Some popular photo scanning apps for both iOS (iPhone, iPad) and Android phones and tablets:
- PhotoScan by Google Photos
- Microsoft Lens (Android) or Microsoft Lens (iOS)
- Genius Scan (Android) or Genius Scan (iOS)
- Scan to PDF | Adobe Acrobat
If you have too many photos, are too busy or don’t think you’re tech savvy enough to do it on your own, you can leverage local or national services —and some stores, too — to digitize your photos for you.
For example, there are independent companies like HomeMovies.ca where you can send a box of your photos via Xpresspost by Canada Post. Prices are as low as 10 cents per scan for smaller (4×6 or 5×7) paper photos. The service returns your originals along with a USB drive with your pics on it. Note: HomeMovies.ca does not enhance photos, such as colour restoration, but the company does digitizes home movies, if you have them.
The process typically takes a couple of weeks.
If you prefer to work with a national retailer, Walmart has a digital transfer service for photo and video backup, supporting multiple analog formats, and you’ll get a USB in return along with the originals (typically within 14 business days). For photos, prices are 80 cents each for more than 51 photos. Less than that, it’s $1.30 each (10 to 25 photos) or $1.00 each (26 to 50). Walmart Photo Centre also supports slides, film reels and Hi-8, Digital 8 and VHS video.

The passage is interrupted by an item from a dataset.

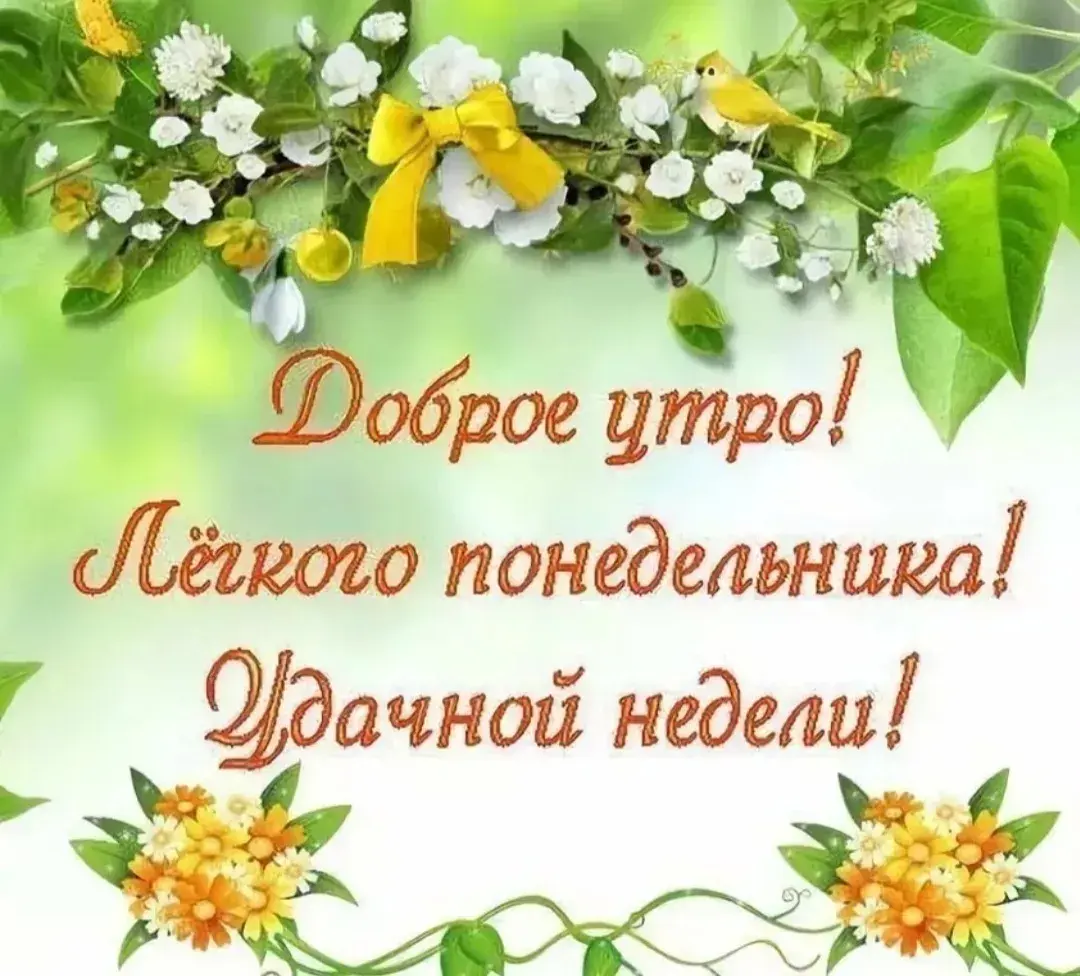 Открытка Доброе утро понедельник - Доброе утро! Легко! | Красивая открытка #21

Costco has partnered with Shutterfly for a similar service. Active Costco members can receive 51 per cent off regularly priced Shutterfly orders, plus free shipping on orders $49 and over, when accounts are connected using a Costco membership number.
Before you ship them off, it’s best to organize your paper photos by major categories, like decades or people, and then sub-organize them into sections, like family events. Place the photos in a durable box with a lid, divided by index cards and labelled with sticky notes. Avoid rubber bands, which could bend your photos.